Vejo a leitura como a cana de pesca do “em vez de dar o peixe, ensina a pescar”. Ler, mas ler a sério, permite-nos chegar a qualquer género de conhecimento. E se há pouco tempo falava de como acho que a compaixão se aprende pelo exemplo e não através dos livros, hoje defendo que dar um livro (ou 20) a uma criança é um acto de amor. E acho efetivamente que não apostamos o suficiente na leitura. Nem a escola nem os pais.
A nível da escola falo de uma aposta séria, global, forte na leitura. Isto tinha que vir da tutela, claro, de uma reestruturação clara do sistema de ensino. Não estou a falar de clubes de leitura na escola – isso os professores já fazem. Falo de mesmo de uma mudança de paradigma.
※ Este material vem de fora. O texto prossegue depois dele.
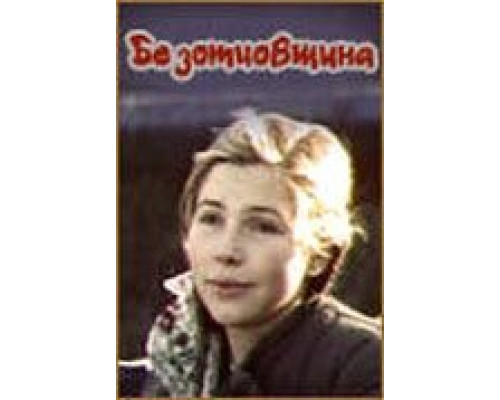 Безотцовщина  (фильм 1977) смотреть онлайн - ЛордФильм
Mas como qualquer aspecto da educação, é o comportamento e o exemplo dos pais que faz a diferença. E alguns pais, por muito que digam o contrário, não valorizam a leitura. Já perdi a conta das vezes que disse a amigos: “mas como queres que eles leiam se tu não o fazes? Que livros estás a ler?”
As nossas prioridades estão bastante trocadas. O exemplo mais recente e triste disso foi a atenção dada nas nossas televisões perante a morte de uma mulher como Maria Teresa Horta, que pouca passou da nota de rodapé, e a de um homem como Pinto da Costa, cuja “canonização” durou três dias e muitas capas de jornal.
É engraçado pensar também na publicidade. Publicitar um livro nas televisões ou rádios é tão raro que quase podemos dizer que não acontece. Aliás, a publicidade a livros é feita através do lema “os consumidores (ou os escritores) irão fazer o nosso trabalho e de borla, ou quase, bem que podemos ficar sentadinhos a chorar que não vendemos”. Quão estranho é que o investimento em publicidade funcione para tudo menos para os livros?
Pelo lado positivo podemos ver o maravilhoso trabalho feito nas bibliotecas deste país – mas mais uma vez é algo que depende da boa vontade, da imaginação e da energia dos trabalhadores e dos leitores e menos de um plano concreto - imagino o quanto se podia fazer se houvesse mais meios e se explorasse ainda mais este meio.
Eu vou fazendo o meu trabalho. Ofereço livros a quase todos os amigos, especialmente a crianças e jovens. Provoco amigos, empresto (é mais impinjo) livros a toda a gente e vou pensando nestes assuntos.